WHAT THE TASK REQUIRES: Could you transcribe every record below exactly as written, leaving out any pictures?

*** DATA FOR THE TASK Section Begins ***

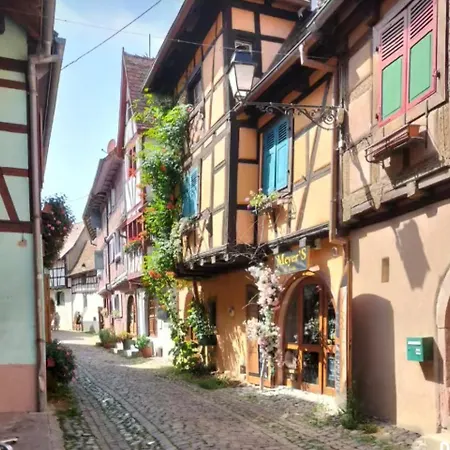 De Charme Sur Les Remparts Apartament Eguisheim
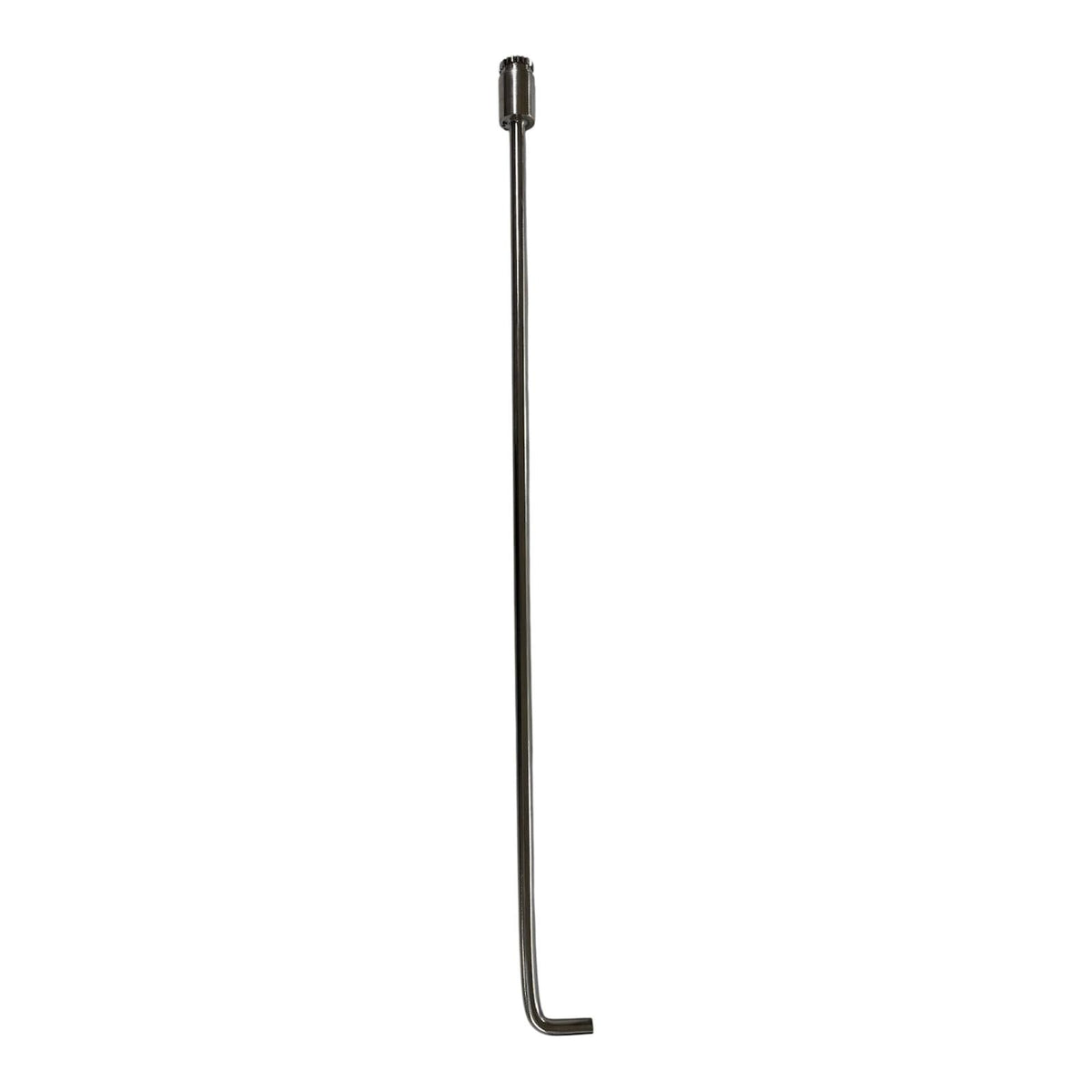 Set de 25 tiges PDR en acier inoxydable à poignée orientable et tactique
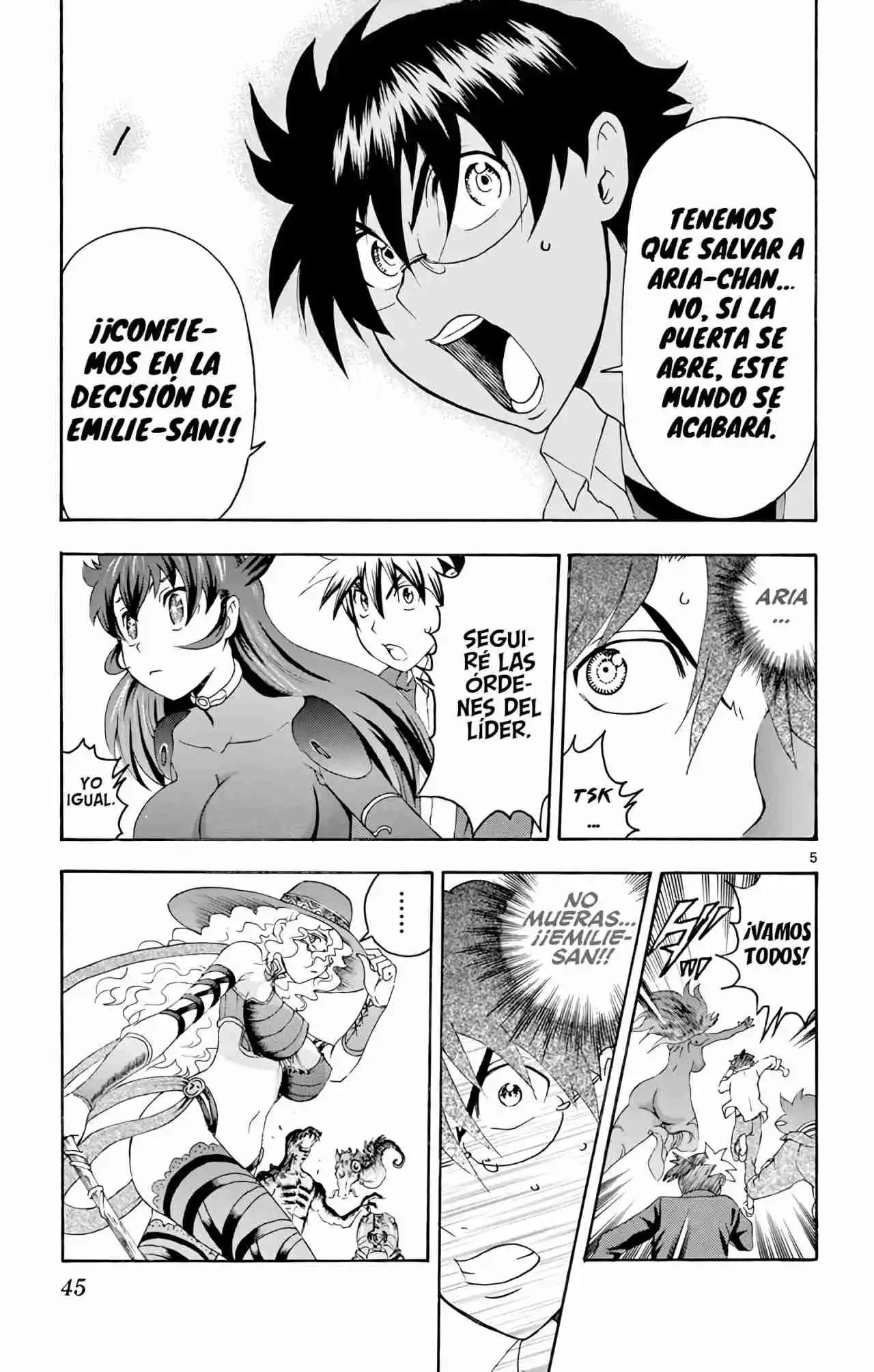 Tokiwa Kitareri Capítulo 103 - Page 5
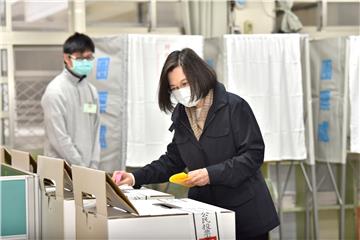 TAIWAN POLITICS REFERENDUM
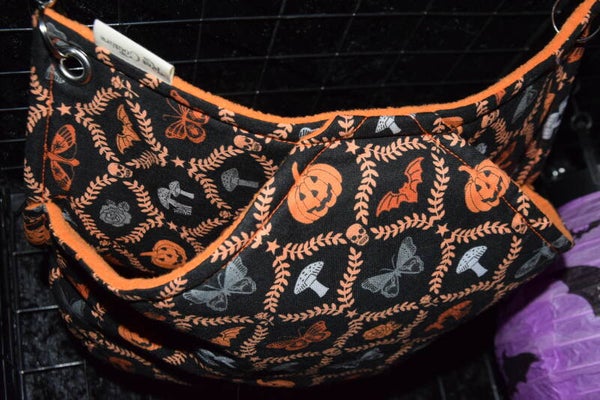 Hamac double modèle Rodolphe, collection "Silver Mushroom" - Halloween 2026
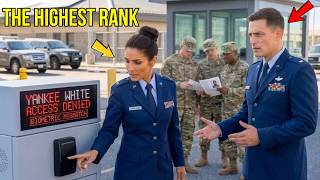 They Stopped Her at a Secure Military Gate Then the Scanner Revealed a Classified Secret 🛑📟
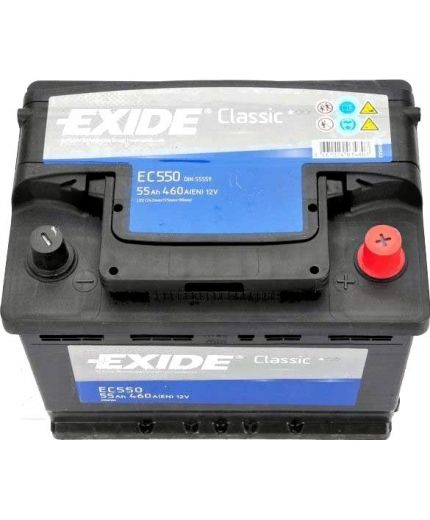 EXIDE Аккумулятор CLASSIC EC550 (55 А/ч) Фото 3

*** DATA FOR THE TASK Section Ends ***

ANSWER BOX:
 De Charme Sur Les Remparts Apartament Eguisheim
 Set de 25 tiges PDR en acier inoxydable à poignée orientable et tactique
 Tokiwa Kitareri Capítulo 103 - Page 5
 TAIWAN POLITICS REFERENDUM
 Hamac double modèle Rodolphe, collection "Silver Mushroom" - Halloween 2026
 They Stopped Her at a Secure Military Gate Then the Scanner Revealed a Classified Secret 🛑📟
 EXIDE Аккумулятор CLASSIC EC550 (55 А/ч) Фото 3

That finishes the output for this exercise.